Day 3, the word is “action”. “Strength through action”, discipline is important, but then you have to do something. They start recruiting external members and they isolate those who make too many questions, threatened to get low scores. It’s not a game any more, it’s an (unaware) witch hunt.

Day 4, “strength through pride”. Jones make them believe that the movement is now national, ready to compete with Democrats and Republicans. And that there will be a big rally, in fact the grand finale.

Jones stages the auditorium like there was a real event. He brings some friends with cameras, to simulate an impressive media coverage, and a TV set that will show the leader of the Third Wave. There are about 200 people, the students are more than doubled since the first day and they proudly show the fake press everything they learned.

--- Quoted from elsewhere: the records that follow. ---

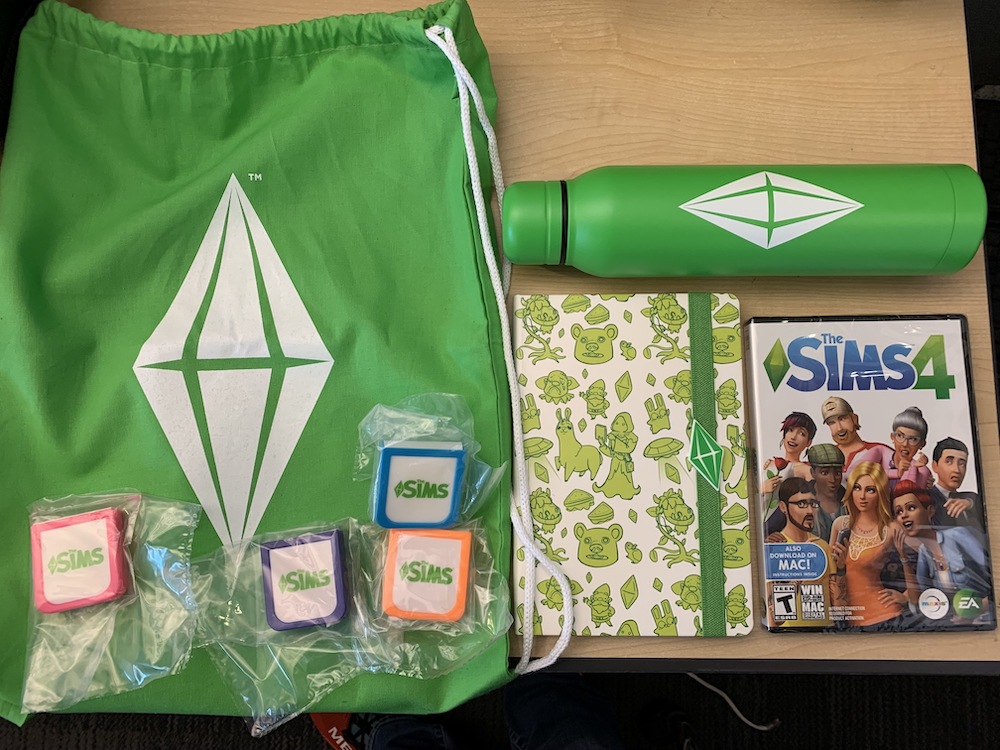 Branded Sims satchel, water bottle, notebook, chalk packets, and game in DVD case.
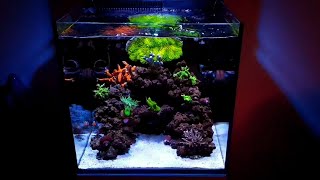 Red Sea MAX NANO reef tank  9 MONTH UPDATE [upl. by Madelle434]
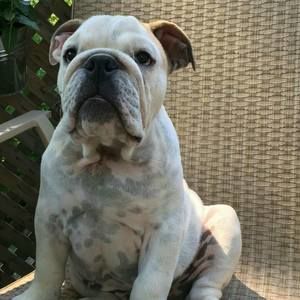 Meet your Posher, Matt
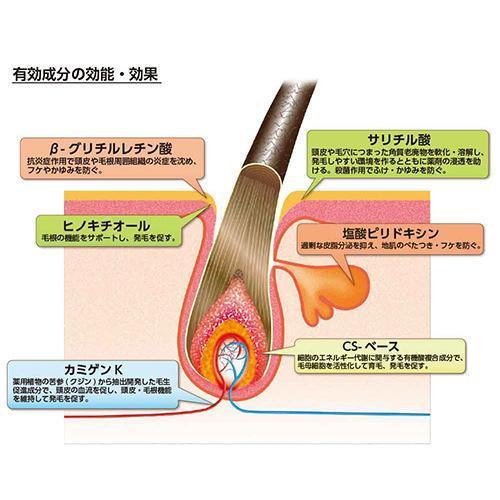 ヘアアクセルレーター スウィートオレンジの香り 150ml ヘア
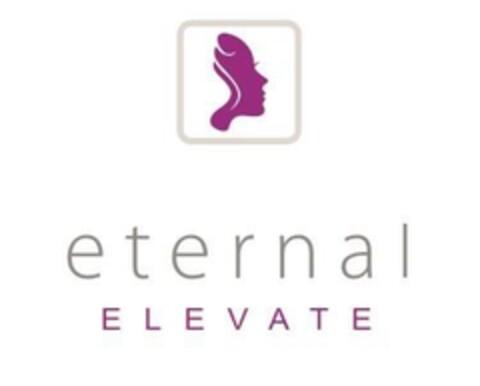 Eternal Elevate Logo (EUIPO, 26.03.2015)
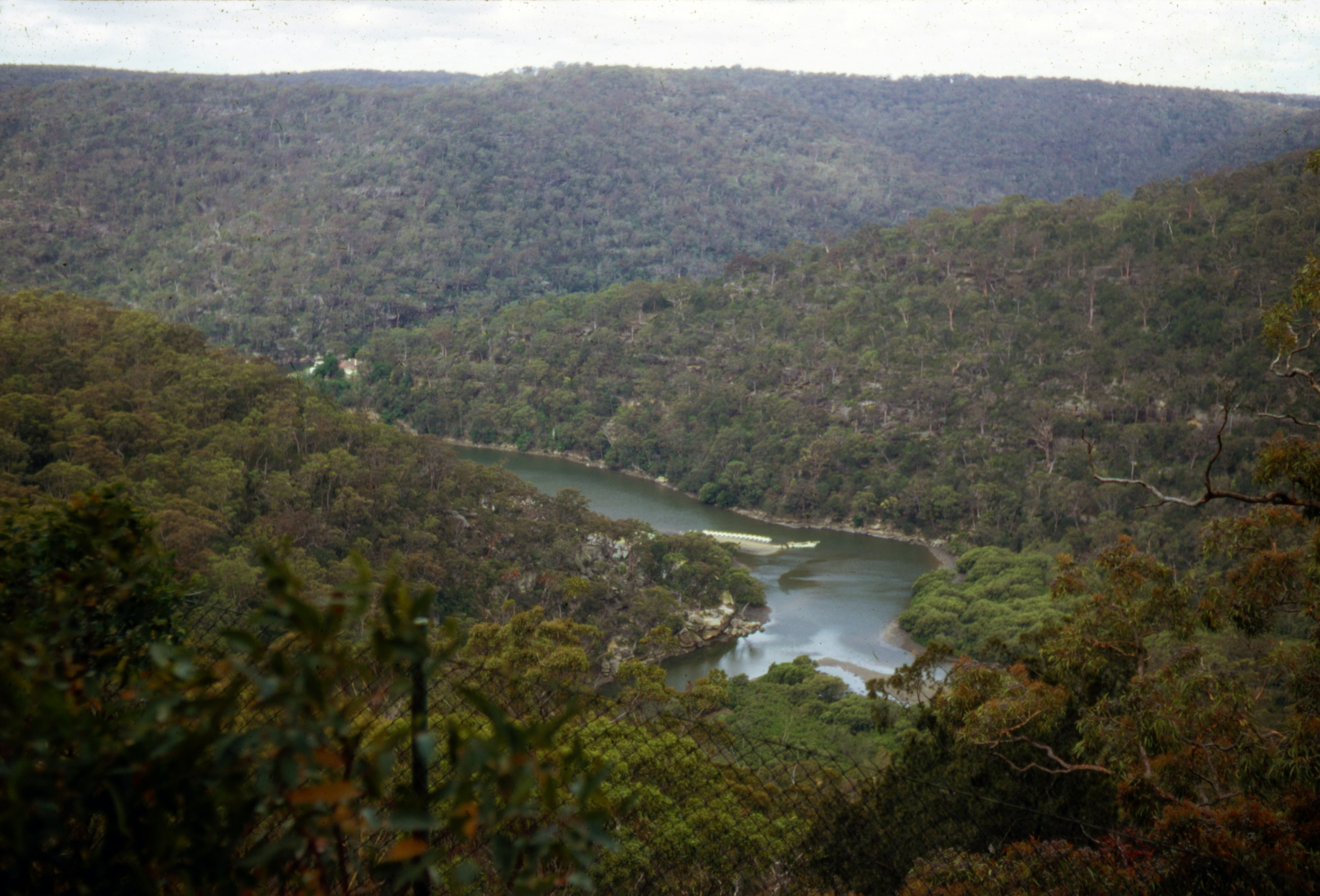 Photo by brett_jordan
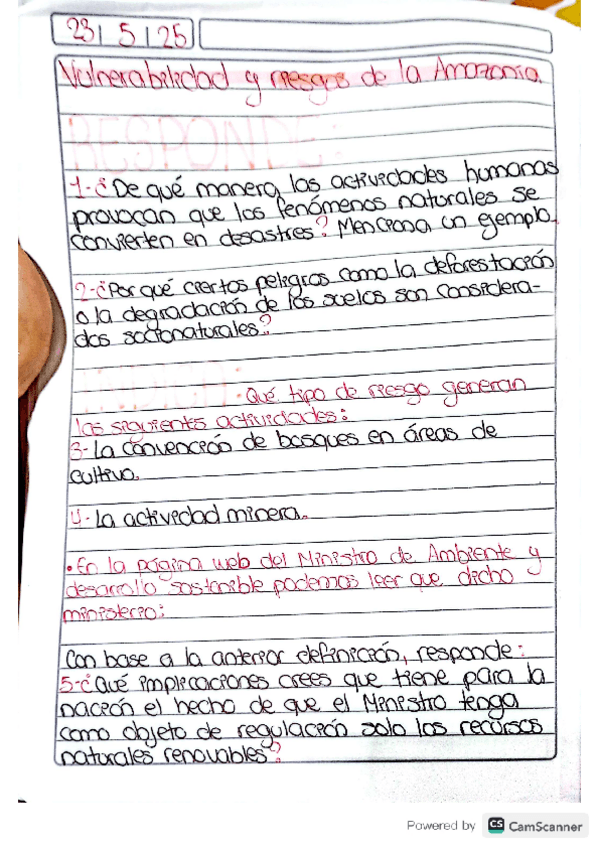 Miniatura del documento Vulnerabilidad.pdf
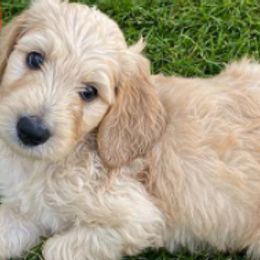 Goldendoodles from Island 7 Goldendoodles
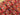Festive favourites BRUSHED BACK French Terry (Extra Wide)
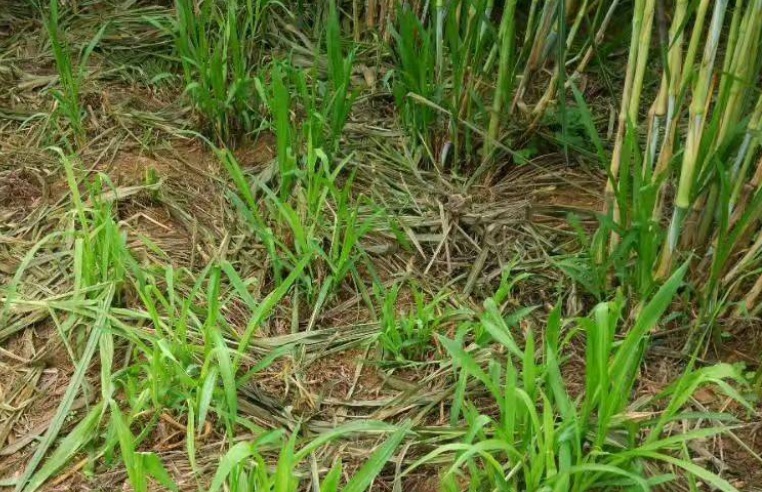 1628143227401652.jpg 甜象草3.jpg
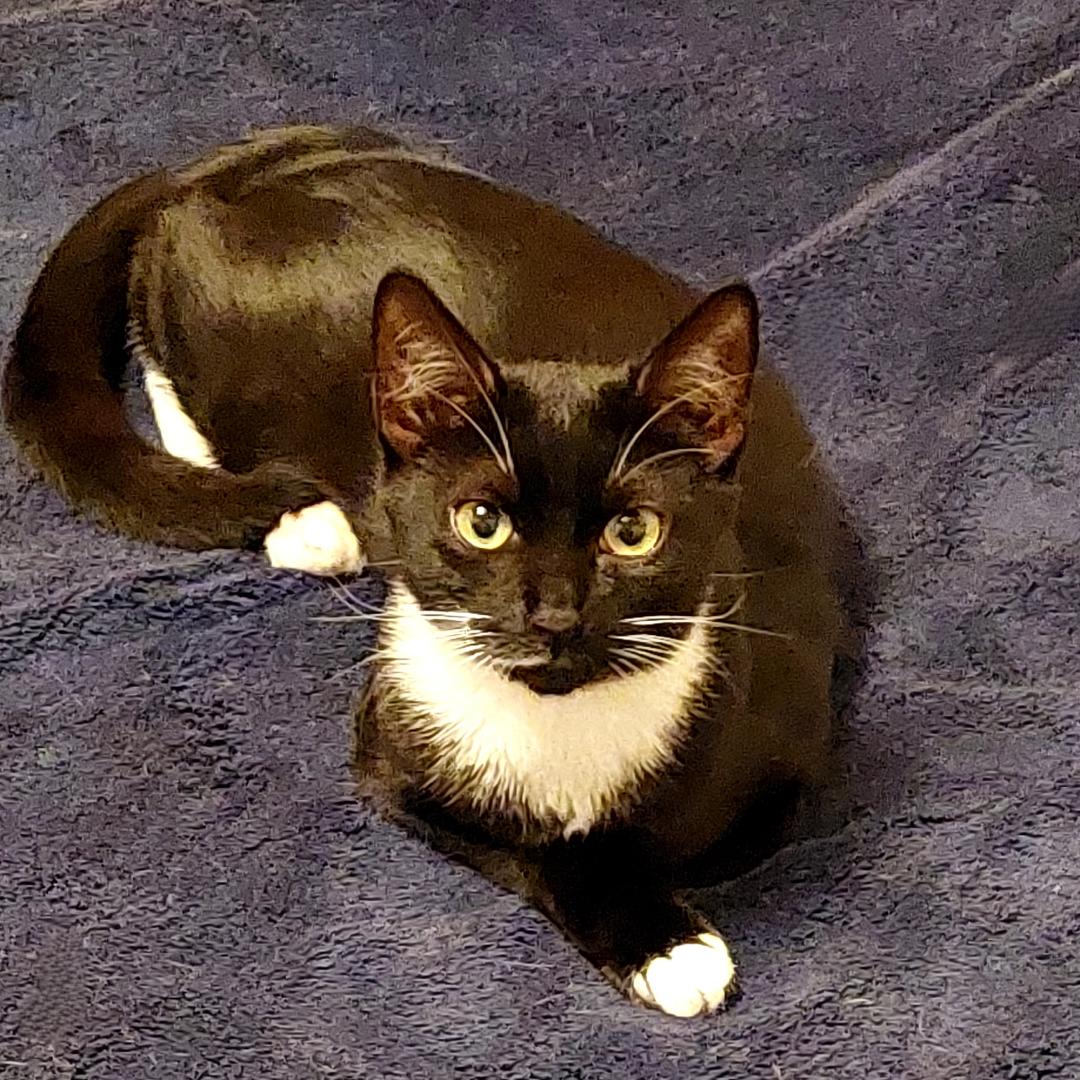 Enlarge Lucille, a Adoptable mixed breed in Morgan Hill, CA image 5/6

Eventually, Jones turns the TV on, but there’s nothing, only a static. The kids are confused, left alone by Jones who sneaked out of the room from the back door. He comes back with an unpleasant truth, there’s no movement, no leader, they basically just adhered to Nazism.

The TV broadcasts images of the collective displays of the Hitler Youth, sure, way more spectacular than the Third Wave ones, but based on the same manipulatory principles. The kids were so blinded by the need of acceptance, being a part of something or grades, that no one realized the parallelism for a whole week.

Ron Jones will be forced to abandon his position. He asked himself, more than once, if he did the right thing or he pushed them too far. Someone could actually have gotten hurt, as pressure and tension were really high in those days. But only with the theory the students wouldn’t have learned such a lesson.

The Wave, German movie version of Ron Jones’ experiment

The kids stated, in many interviews for documentaries or news reports, that those external to the experiment couldn’t figure out how did they fall into the trap. But that’s the most devious part of totalitarianism, making people gradually and slyly go towards a consent dictated by propaganda and the protection given by the sense of membership. Violence itself is not enough.

The experiment had been shown all over the world for educational purpose, especially in Germany, where the book The Wave by Todd Strasser (1981) became a school text. More recently, in 2008, a film version was realized, adapted to current Germany (instead of California in the Sixties).

After his experience in Cubberley High School, Ron Jones moved to San Francisco, where he taught to mentally and physically disabled people.